The cold chill went up her back again, like ice water being poured over her skin. She turned with one leg in her jeans to look at the room’s second bed. It was still neatly made. Marla’s bags were still next to the bed on the floor, her clothes spilled out over the sides from when she had gotten dressed to go out.
She’d never come back to the hotel.
***
Darcy knew she had cried at some point, but now the tears were all done.
She hadn’t known Marla that well, sure, but she was a neighbor. Someone from the same town. Not only that. Darcy had just talked to her last night. She couldn’t believe Marla was now dead.
“I was in the bar with her last night,” she said. She sat at the desk in the motel room, twisting the ring on her finger to give her hands something to do. “Did I tell you that already?”
“You did, yes,” the officer said. “Don’t worry. Just tell me what happened at the bar.”

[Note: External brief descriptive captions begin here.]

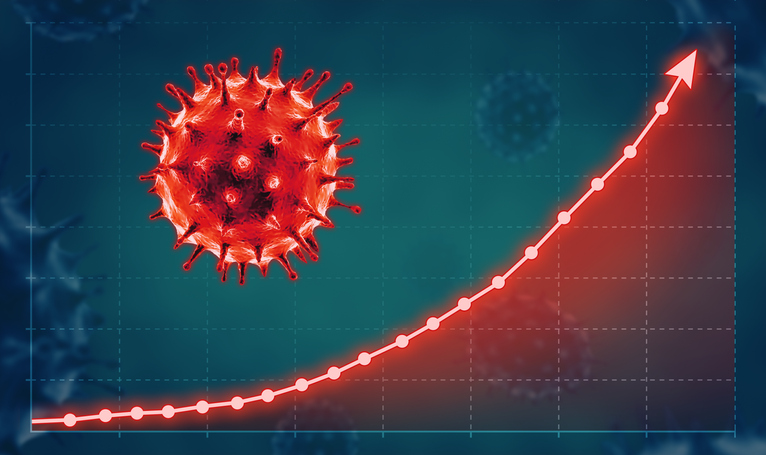 Coronavirus Concept With Growth Graph.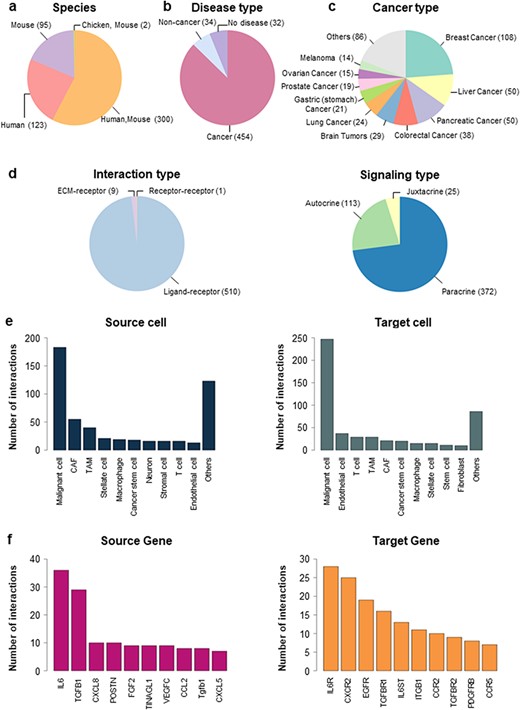 Distribution of CCIDB. (a–d) Pie plots showing the distribution of the features in CCIDB, including species (a), disease type (b), cancer type (c), interaction type (d, left) and signaling type of the LR interactions (d, right). (e–f) Bar plots showing the top-ranked 10 frequent source cell types (e, left), target cell types (e, right), source genes (f, left) and target genes (f, right).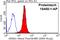 Guided Entry Of Tail-Anchored Proteins Factor 3, ATPase antibody, 15450-1-AP, Proteintech Group, Flow Cytometry image 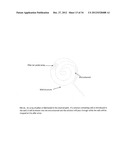 MICROFLUIDIC ASSAY PLATFORMS diagram and image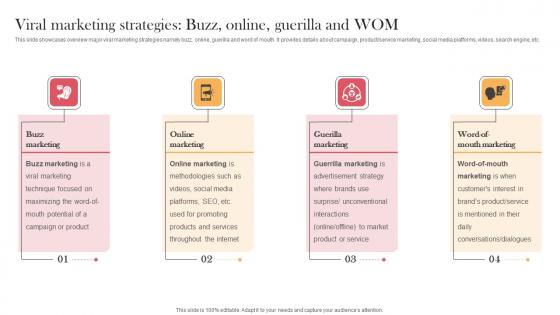 Viral Marketing Strategies Buzz Online Guerilla And Wom Designing Approaches Topics Pdf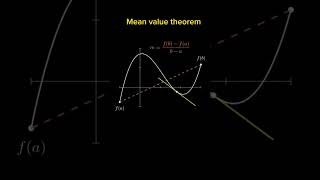 mean value theorem #maths #viral
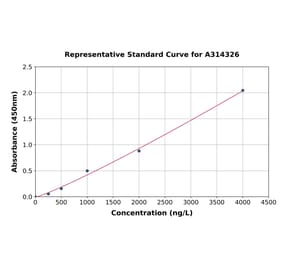 Standard Curve - Human TDP1 ELISA Kit (A314326) - Antibodies.com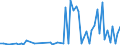 KN 30021098 /Exporte /Einheit = Preise (Euro/Tonne) /Partnerland: Kirgistan /Meldeland: Europäische Union /30021098:Blutfraktionen und Immunologische Erzeugnisse, Auch Modifiziert Oder in Einem Biotechnologischen Verfahren Hergestellt (Ausgenommen Antisera, H„moglobin, Blutglobuline und Serumglobuline)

She nodded. “Um. She had a few drinks. Then she talked about asking a guy at the bar to dance. I didn’t want to stay. I didn’t want to go drinking in the first place but Marla did so I went and then I left.” Darcy took a deep breath.
“So you were drinking too?” he asked her.
“Yes. I was. I didn’t even finish my first drink.”
“That’s fine, Miss Sweet. I was just trying to get a sense of what happened.” He scratched some notes in his pad. Darcy studied his face. For someone so young, there were deeply etched lines around his eyes. His blonde hair had quite a bit of white in it, too, she realized now. His uniform was clean and pressed and his leather equipment sat just so on his belt. She could tell he took pride in doing what he did.